A lição de Bento XVI

Voz da Verdade, 2013-03-17
Guilherme d'Oliveira Martins

Neste tempo de renovação e de reflexão, importa estarmos atentos aos fatores de continuidade e aos elementos de mudança. Nos últimos dois textos, apresentei-vos os contributos publicados na revista «Didaskalia» a propósito dos cinquenta anos do Concílio Vaticano II, hoje invoco o ato de renúncia do Papa Bento XVI e procuro a sua lição. E cito o editorial do último número da «Brotéria» (nº 2, volume 176, Fevereiro de 2012, a merecer leitura atenta), onde o Padre António Vaz Pinto nos diz: «há três notas que gostaria de sublinhar, até para que esta decisão se torne exemplar para nós: a lucidez, que mostrando não estar agarrado ao poder e ao sucesso, lhe permitiu reconhecer a fragilidade e a incapacidade para o desempenho adequado das suas funções; ligada à lucidez, a humildade, que ultimamente é o reconhecimento da verdade da nossa vida, com as suas limitações e fraquezas. E, finalmente, a coragem: não é precisa pouca para romper com 600 anos de costumes e tradições, para ultrapassar o círculo que o envolvia e ser assim fiel na sua consciência, ao seu Deus, certamente "contra ventos e marés"».
Há neste gesto, além do mais, uma profunda coerência. E o certo é que este mandato papal caracterizou-se pela abertura de novas pistas de ação, que terão no futuro inevitáveis virtualidades. O pontificado de Bento XVI fica assinalado pelo contributo inestimável para a renovação do magistério doutrinal da Igreja num sentido ecuménico e de diálogo com as diferenças, em especial através de três Encíclicas marcantes. De facto, «Deus Caritas Est» (2005), «Spe Salvi» (2007) e «Caritas in Veritate» (2009) são três documentos profundamente interpelantes que ultrapassam em muito a circunstância em que surgem. Pela sua natureza e conteúdo constituem base para uma reflexão aprofundada no mundo contemporâneo. Se as duas primeiras se dirigem primacialmente à Igreja Católica, sobre os temas do Amor e da Esperança, a terceira visa todas as pessoas de boa vontade (na linha de «Pacem in Terris», da constituição «Gaudium et Spes» e de «Populorum Progressio»), tratando do tema momentoso do desenvolvimento humano integral na caridade e na verdade. E isto mesmo é tanto mais fundamental, quando é verdade que a atual crise financeira e de valores obriga a mudar radicalmente de atitude e de métodos. Nada será como dantes. E não tenho dúvidas de que o tempo virá a reforçar a importância destes documentos – pelas potencialidades que apresentam. Lembro ainda, quanto à criação cultural e à liberdade do Espírito, a mensagem proferida a 12 de Maio de 2010 no Centro Cultural de Belém na visita apostólica a Portugal, que constitui um marco inesquecível, de dimensão que ultrapassa em muito o panorama português. Deste modo, o gesto de renúncia não tem precedente (já que os casos anteriores ocorreram em circunstâncias não comparáveis, leia-se sobre o tema no referido número da «Brotéria» o utilíssimo texto «Papas Resignatários» do Padre Roque Cabral), e como tal terá, por certo, uma influência decisiva no futuro, porque reforça um sentido de serviço e de colegialidade, que encontramos nos Atos dos Apóstolos – e que constitui uma marca indelével de inteligência e de mensagem evangélica.
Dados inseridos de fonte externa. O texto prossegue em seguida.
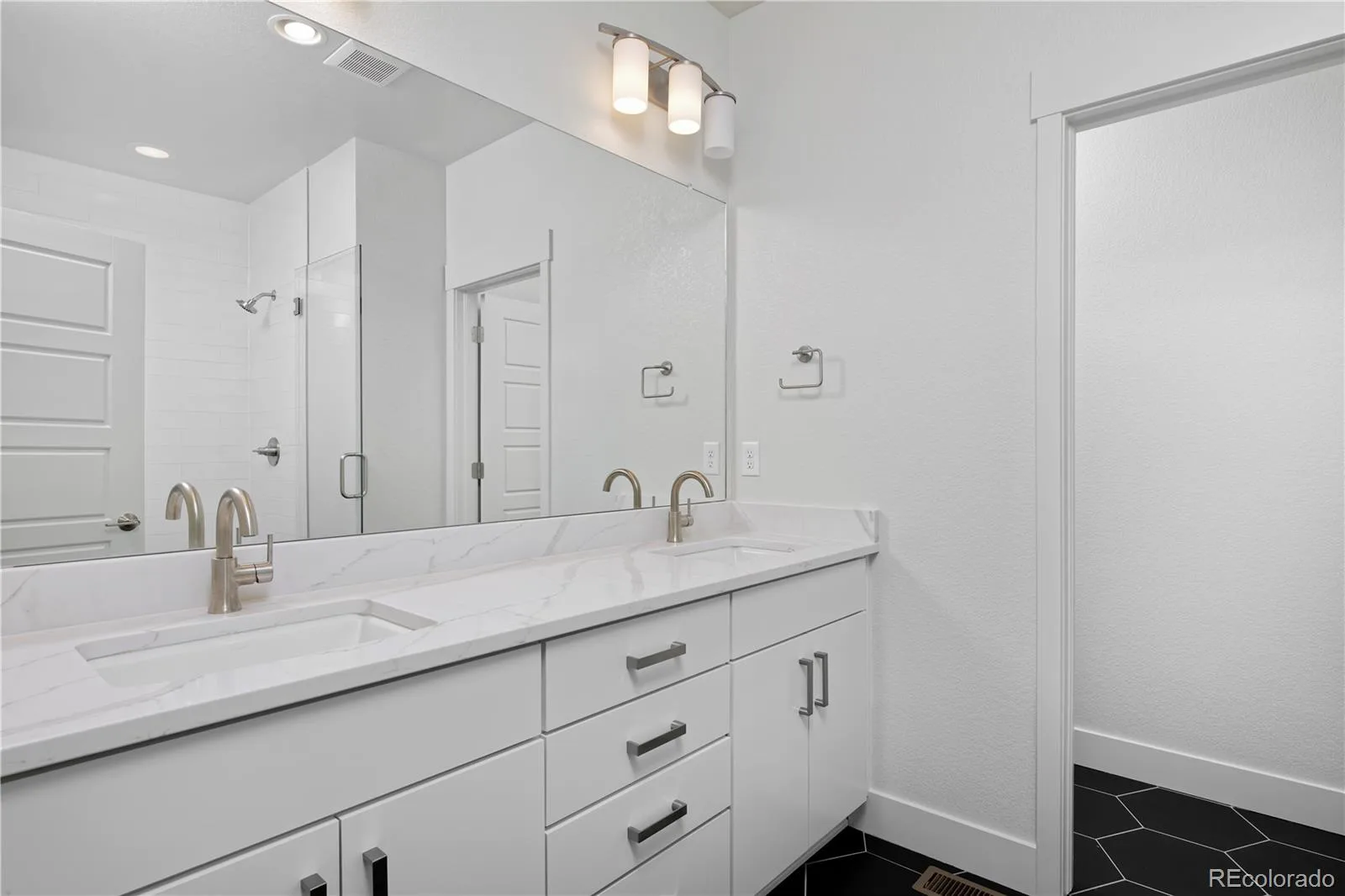 3119 W Bates Avenue Denver CO 80236 | MLS #REC9077989 08052026213516 1600 5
E permito-me terminar citando o Concílio, neste momento crucial da vida da Igreja de Cristo, considerando que Bento XVI invocou a fé, na celebração do cinquentenário conciliar: «Movido pela fé, pela qual crê que é conduzido pelo Espírito Santo, que enche o Universo, o Povo de Deus esforça-se por descobrir nos acontecimentos, nas exigências e nos desejos do nosso tempo, que compartilha com os seus contemporâneos, quais sejam os verdadeiros sinais da presença ou dos desígnios de Deus. Com efeito, a fé ilumina todas as coisas com uma luz nova e faz-nos conhecer a vontade divina sobre a vocação integral do homem, orientando assim o espírito para soluções plenamente humanas» (G.S., 11).